Pola yang ditunjukkan dari dampak bencana secara sosial merupakan dampak berlapis (multi-layered impact), antara lain hilangnya sumber penghidupan (PHK, berhentinya usaha mikro, rusaknya alat produksi), risiko kematian dan kecelakaan kerja tidak langsung (saat evakuasi dan pemulihan), kerentanan kepesertaan, khususnya pekerja BPU yang terputus iuran, dan ancaman kemiskinan struktural akibat tergerusnya tabungan dan aset rumah tangga. Dalam perspektif jaminan sosial modern, kondisi ini dikategorikan sebagai systemic shock yang memerlukan respons kelembagaan luar biasa. Hadirnya peran BPJS TK sebagai pemegang mandat pelaksana jaminan sosial nasional dengan kemandirian dana jaminan sosialnya (non-APBN), tentunya juga dapat diartikan sebagai kehadiran Negara melalui mekanisme jaminan sosial dengan instrumen yang sangat dekat dengan pekerja. Prasyarat utama dalam kebijakan ini adalah diperuntukkan bagi peserta BPJS TK dengan limitasi zona bencana untuk waktu tertentu.

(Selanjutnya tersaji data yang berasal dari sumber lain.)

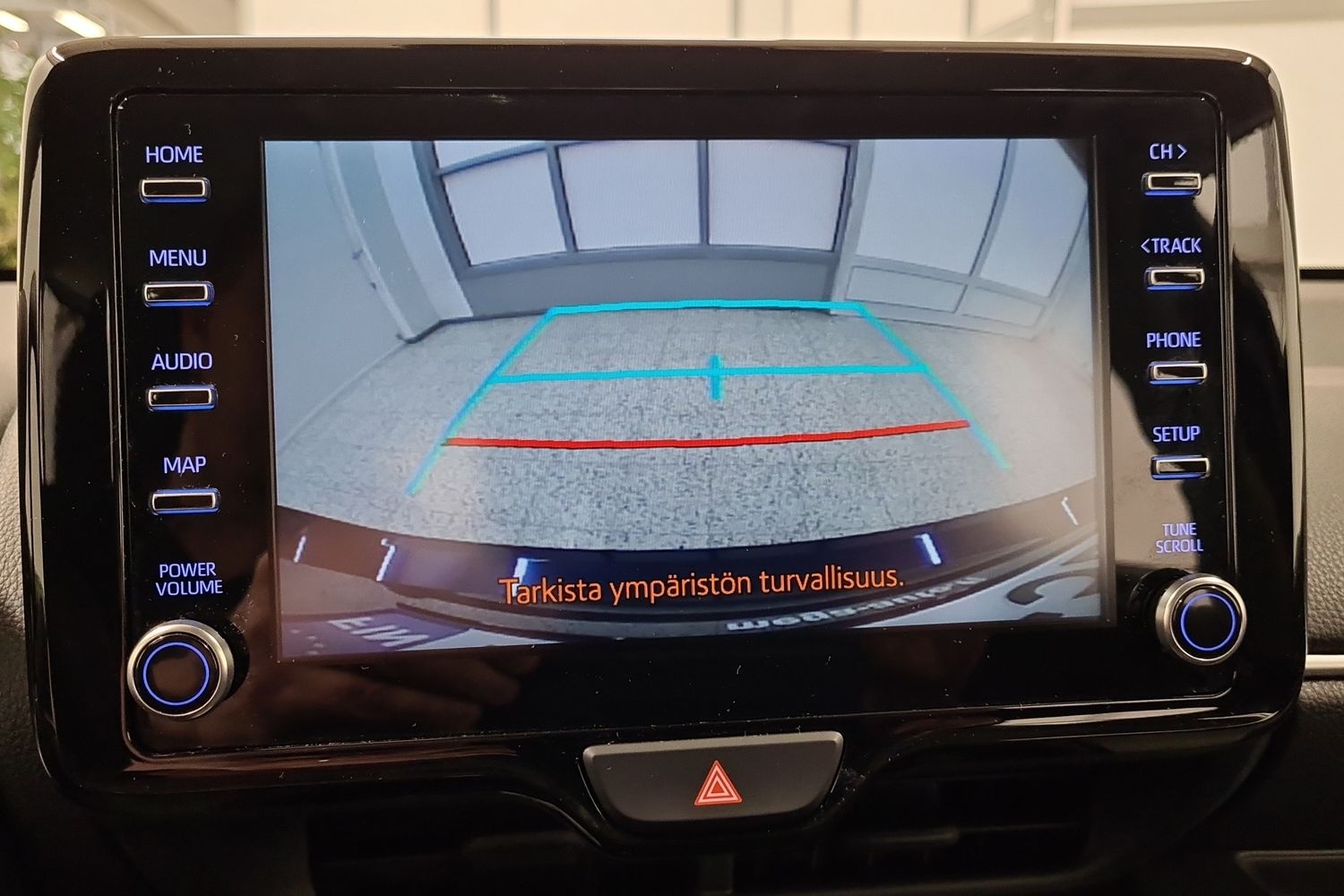 TOYOTA YARIS 2024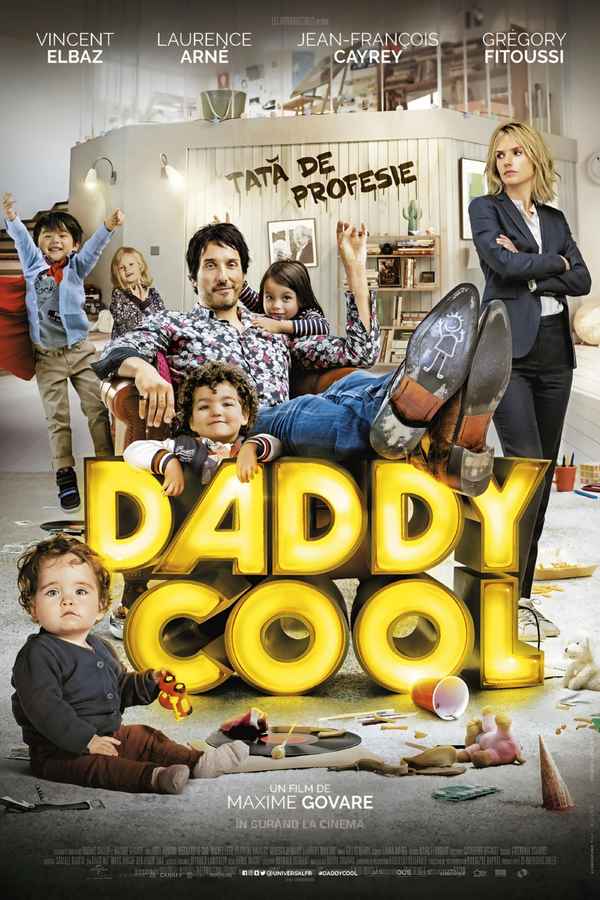 Daddy Cool Poster 4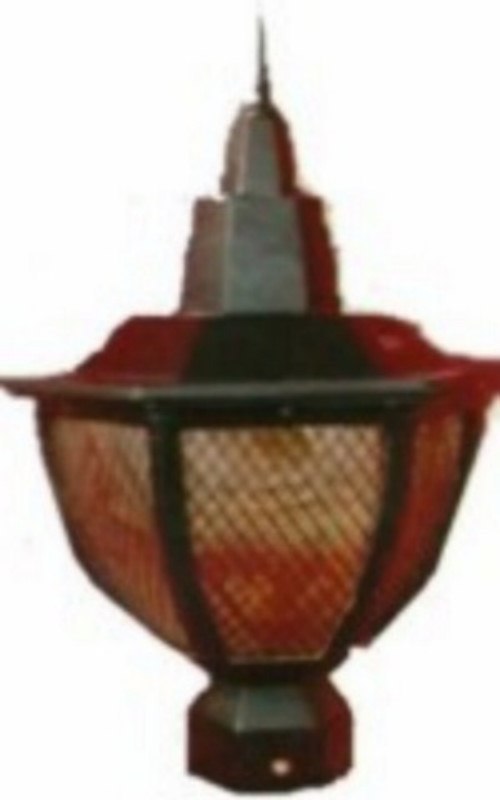 Casted Gate Lights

UU No. 40 Tahun 2004 dan UU No. 24 Tahun 2011 menempatkan BPJS Ketenagakerjaan sebagai pelaksana perlindungan sosial tenaga kerja. Bencana alam secara langsung menciptakan risiko sosial ekonomi terhadap pekerja, sehingga dalam hal ini BPJS TK tidak melampaui mandat jaminan sosial yang diatur dalam UU. Perlindungan pasca bencana merupakan perluasan fungsional, bukan penyimpangan mandat, bahkan praktik internasional (ASP) menegaskan peran lembaga jaminan sosial dalam mitigasi bencana. Praktik internasional menunjukkan bahwa lembaga jaminan sosial yang adaptif terhadap bencana mampu menjalankan konsep Adaptive Social Protection yang menempatkan jaminan sosial sebagai instrumen respons cepat, bukan sekadar mekanisme pasif berbasis klaim. Dengan konsep tersebut BPJS TK diharapkan mampu menekan lonjakan kemiskinan pasca-bencana, menjaga stabilitas hubungan kerja, dan mempercepat pemulihan ekonomi lokal.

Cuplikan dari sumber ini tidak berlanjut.